La Patagonie est à l’honneur cette année : Rencontrer les derniers représentants des peuples premiers de ce bout du bout du monde me semblait du plus grand intérêt et je n’ai pas été déçu ! De plus ce festival a réussi à me faire voyager en Patagonie de multiples manières.
Tout d’abord avec Paysages sans visages de Terre de Feu 3 de Lauriane Lemasson4 :
Dix-huit paysages en noir et blanc, paysages sans humains, où la nature nous est présentée sans fards dans toute sa beauté originelle.
Des QR-codes délivrent pour chaque image l’ambiance sonore du lieu où a été prise la photo. C’est une immersion totale…sons et images. Ce nouveau procédé est une très belle découverte. On s’attarde sur chaque image, baigné dans son fond sonore. On y est…il n’y a plus de frontières. La superbe finesse des tirages met en valeur cette lumière australe dans toutes ses nuances, du noir au blanc.
Immersion visuelle encore avec le travail des jeunes plasticiens Federico Vladimir Pezdirc et Pablo Esbert Lilienfeld.
Ils ont présenté des extraits de leur court métrage Cantos del Hain5 inspiré du rite d’initiation des jeunes hommes en Terre de Feu.

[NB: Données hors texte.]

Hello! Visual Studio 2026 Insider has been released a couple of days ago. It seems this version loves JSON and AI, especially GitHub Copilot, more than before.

Leur approche est des plus intéressante et novatrice: ils mettent à mal la méthodologie des ethnologues qui ont rétribué des Yagans pour qu’ils re-fassent cette cérémonie hors de son contexte rituel. Critique tout en poésie…mais révélatrice d’une mise en scène orchestrée par des « scientifiques ».

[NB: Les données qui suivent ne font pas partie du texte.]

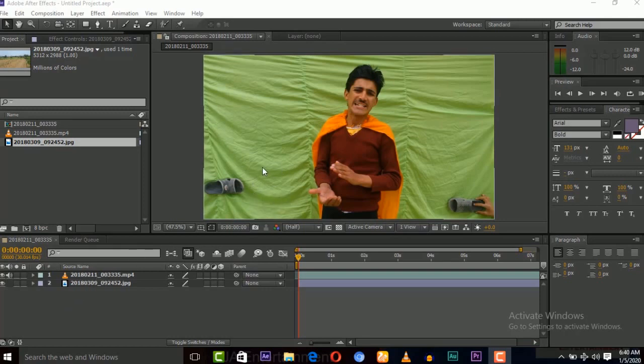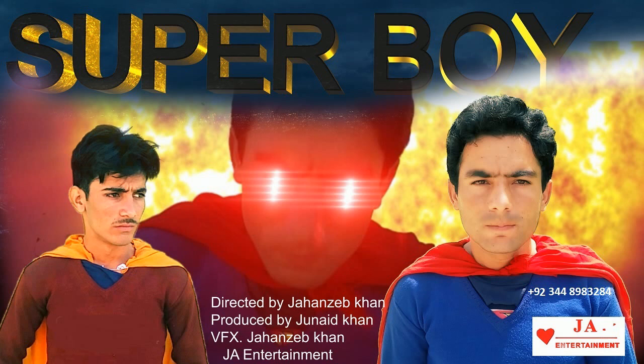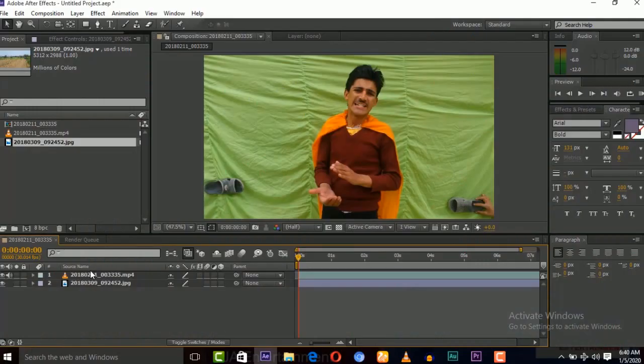This is the green screen footage that is from our film Superboy that's already on our channel. We made this film in three years hard work. We spent three years on this film of visual effects.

Immersion sonore également avec The Last Voice6 de Joaquin Cofreces qui enregistre les sons de cette terre du bout du monde, habités par le vent, la pluie générant une multitude de sonorités. Le public écoute cela dans une obscurité totale laissant ainsi libre court à l’imagination pour y apposer des images. Chacun vit son Ushuaïa intérieur pour qui se laisse aller…

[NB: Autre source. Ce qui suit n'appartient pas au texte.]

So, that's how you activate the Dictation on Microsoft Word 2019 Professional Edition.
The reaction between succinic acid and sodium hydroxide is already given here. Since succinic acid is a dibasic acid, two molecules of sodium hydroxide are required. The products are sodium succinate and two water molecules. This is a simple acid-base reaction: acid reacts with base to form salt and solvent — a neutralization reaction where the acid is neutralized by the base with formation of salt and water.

Le point d’orgue a été la Cérémonie de Résilience.
Immersion historique avec « Ici il y avait un zoo humain ! » par Gérard Collomb7 :
L’histoire de ces peuples maltraités, déplacés et parqués dans nos zoos. Quel choc !
Ces exhibitions humaines ont été perpétuées dans beaucoup de zoos et pas qu’en France.
A l’époque, la nouveauté de ces « humanimaux » était considérée comme un facteur d’augmentation de fréquentation et donc de revenu pour ces zoos.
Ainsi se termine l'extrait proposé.